Material provided
-*-*-

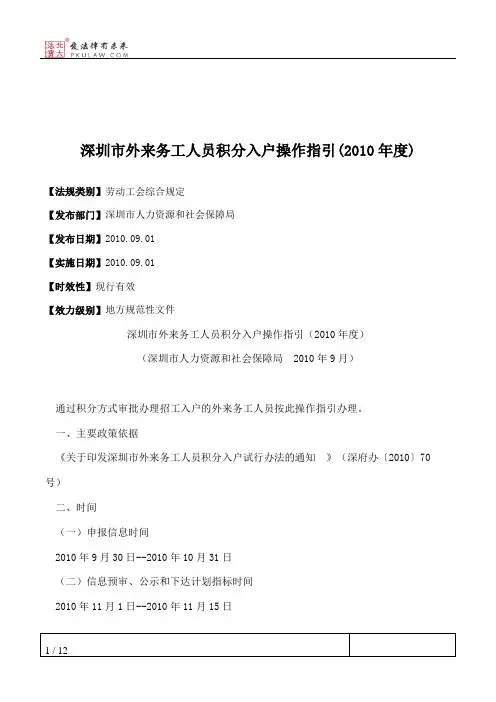 深圳市外来务工人员积分入户操作指引(2010年度)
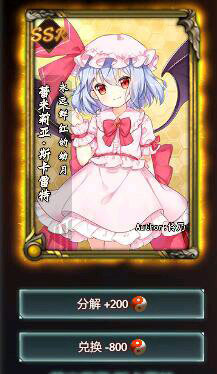 東方夢符祭,ssr卡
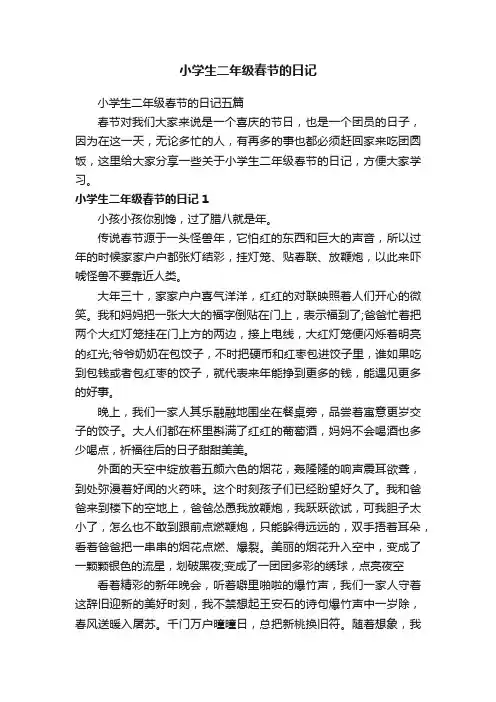 小学生二年级春节的日记五篇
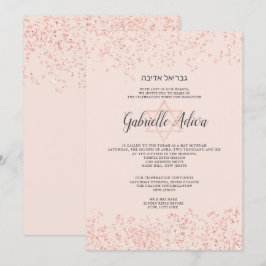 Convites Rosa dourado pincelado pincelado rosa Bat Mitzvah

-*-*-

What is being asked
Each line of the listing is to be retyped exactly, and its pictures are to be dropped.

Solution to the problem
 深圳市外来务工人员积分入户操作指引(2010年度)
 東方夢符祭,ssr卡
 小学生二年级春节的日记五篇
 Convites Rosa dourado pincelado pincelado rosa Bat Mitzvah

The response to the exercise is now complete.